I agree with Roche on this point. I suspect their will be unintended consequences from QE2 given that it has lifted the S&P and Dow Jones by roughly 20% while the underlying economy has remained mired in inertia. What will happen to stock prices once the program ends?

This is the question Nomura's chief economist Richard Koo addresses in a recent research paper on the topic. Here's an excerpt:

"The problem surfaces if people decide that today’s share prices cannot be (conservatively) justified using DCF (discounted cash flow) analysis because of factors such as persistent high unemployment, falling housing prices, and sluggish money supply growth.
That would suggest that share prices and commodity prices are in a QE2-driven bubble and that now may be an opportunity to sell assets that have been lifted higher by QE2.

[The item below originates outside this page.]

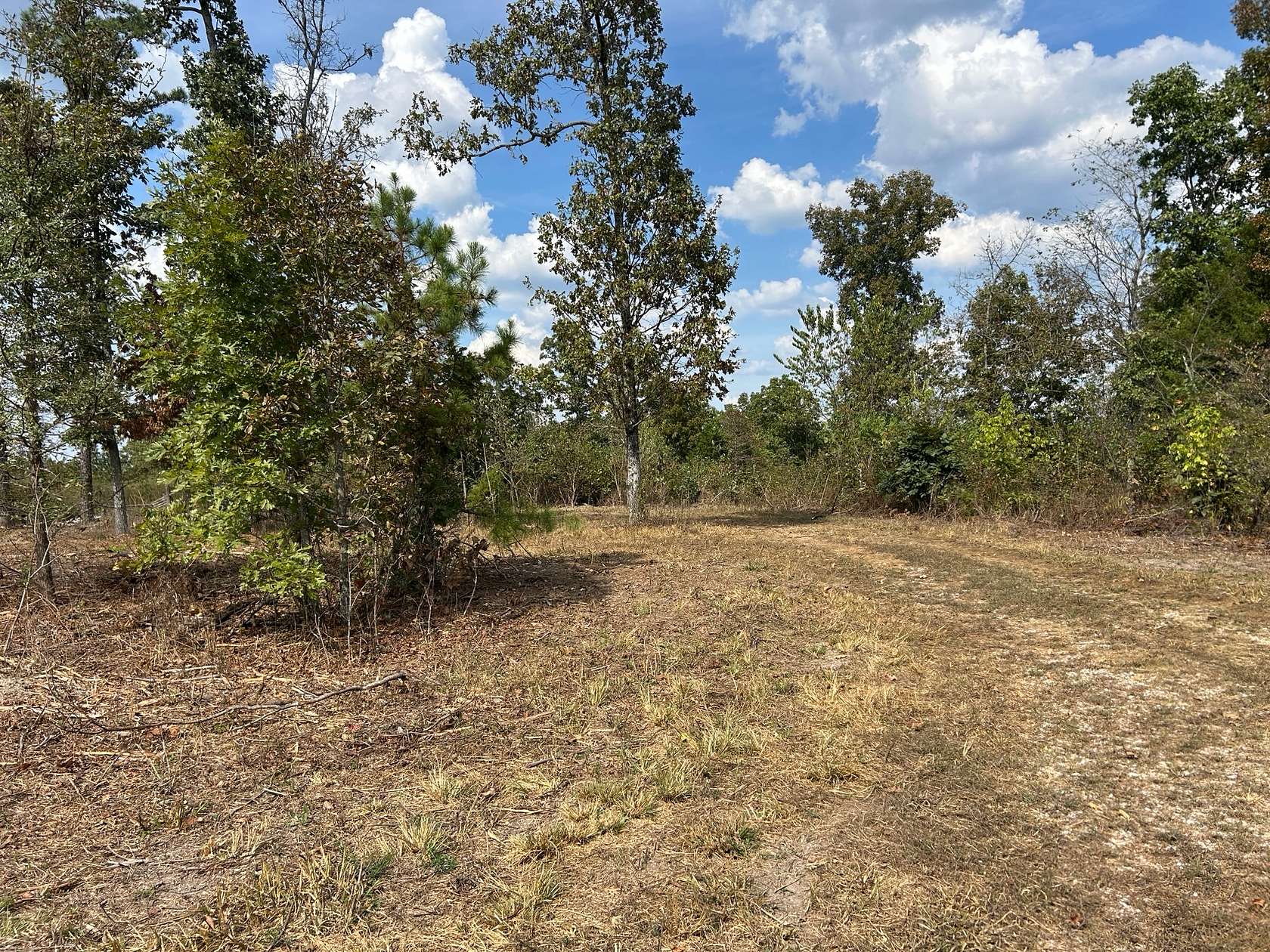 8.29 Acres of Land for Sale in Ava, Missouri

Given that policy rates are already at zero, leaving no room for further rate cuts, and that fiscal policy in the US and the UK is headed in the direction of austerity, which would impact negatively on the economy, there is little prospect of policy support for an increase in DCF values, either.....

“When the situation is viewed in this light, we come to the realization that Mr. Bernanke’s QE2 was in fact a major gamble. It was a gamble in the sense that the Fed tried to raise share prices with QE2. If the wealth effect resulting from those higher prices led to improvements in the economy, the higher asset prices would ultimately be supported by higher real demand, thereby demonstrating that prices were not in a bubble.

However, I cannot help but feel that the portfolio rebalancing argument was putting the cart before the horse, in the sense that it is ordinarily a stronger real economy that leads to higher asset prices, and not the other way around." (Richard Koo: QE2 was a big gamble that now threatens economic stability", Pragmatic Capitalism)

In other words, the Fed should have embraced more traditional "Keynesian" fiscal policies to revive the economy and skipped the QE monkey-business altogether.

If Bernanke has inflated another equities bubble, we should know about it before too long. QE2 ends sometime in late June, which means that stocks should start to fall by mid-month or shortly thereafter. Look out below.